What You Need to Know About the World's Most Powerful Contemporary Art Collector: the State of Qatar
News leaked Thursday that the al-Thani's, the royal family of Qatar, purchased Paul Cezanne's "The Card Players" (1895) for a record $250 million in a private sale sometime in 2011 — the highest reported price ever paid for a single work of art. This isn't the first major painting that the clan has scooped up in the last few years. In fact, their modern and contemporary art buying spree prompted the Art Newspaper to dub them last July the "world's biggest buyer in the art market," reporting that they are the faces behind some of the art world's most high-profile sales in the last six years. ARTINFO brought together all the facts you need to know about this powerful group of oil magnates-cum-art collectors.

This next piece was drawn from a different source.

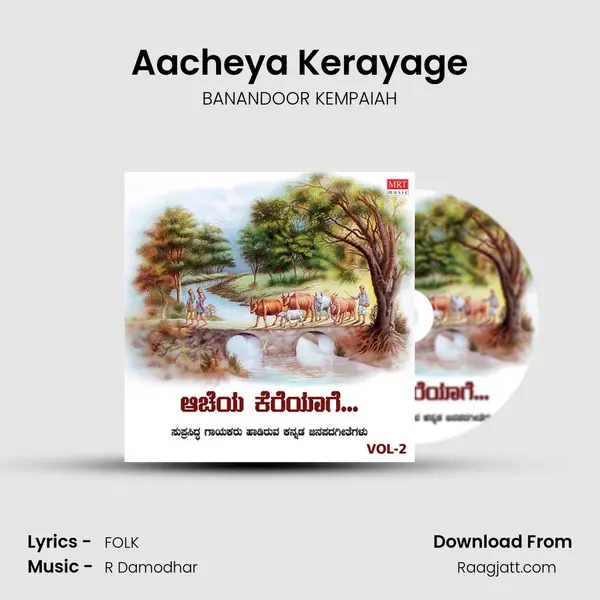 Aacheya Kerayage - BANANDOOR KEMPAIAH album cover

The Emir's 28-year-old daughter Sheikha Al Mayassa has widely been reported as the mastermind behind the tiny emirate's contemporary art shopping spree. After graduating from Duke University in 2005 and a brief stint as an intern for the Tribeca Film Festival (which she later brought to Qatar), she became the head of the Qatar Museums Authority, where she has been in charge of creating Qatar's now-world-class art collection in just a few years.

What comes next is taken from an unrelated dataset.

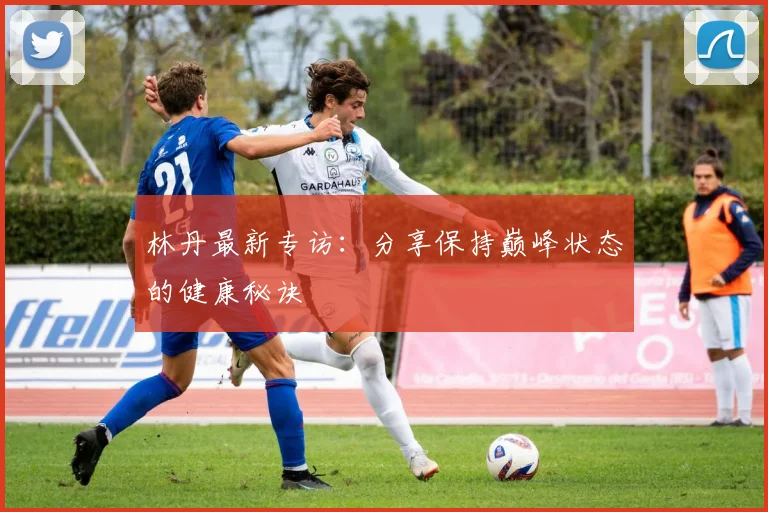 林丹最新专访：分享保持巅峰状态的健康秘诀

But she hasn't done it alone. She has made several high-profile hires in the last few years to help her out. She hired the former president of the Rhode Island School of Design, Roger Mandle, to help direct the authority early in her tenure. In 2011, after the Emir failed in a bid to purchase Christie's auction house, the QMA poached its chairman, Edward Dolman, instead. He now serves as the QMA's executive director. For the family's art-collecting needs they often work with the notoriously discreet G.P.S. art dealership, which consists of Franck Giraud, Lionel Pissarro (grandson of Camille), and Philippe Segalot. In addition to G.P.S., former head of Impressionist and modern art at Christie's Guy Bennett was reportedly involved in the Cezanne sale.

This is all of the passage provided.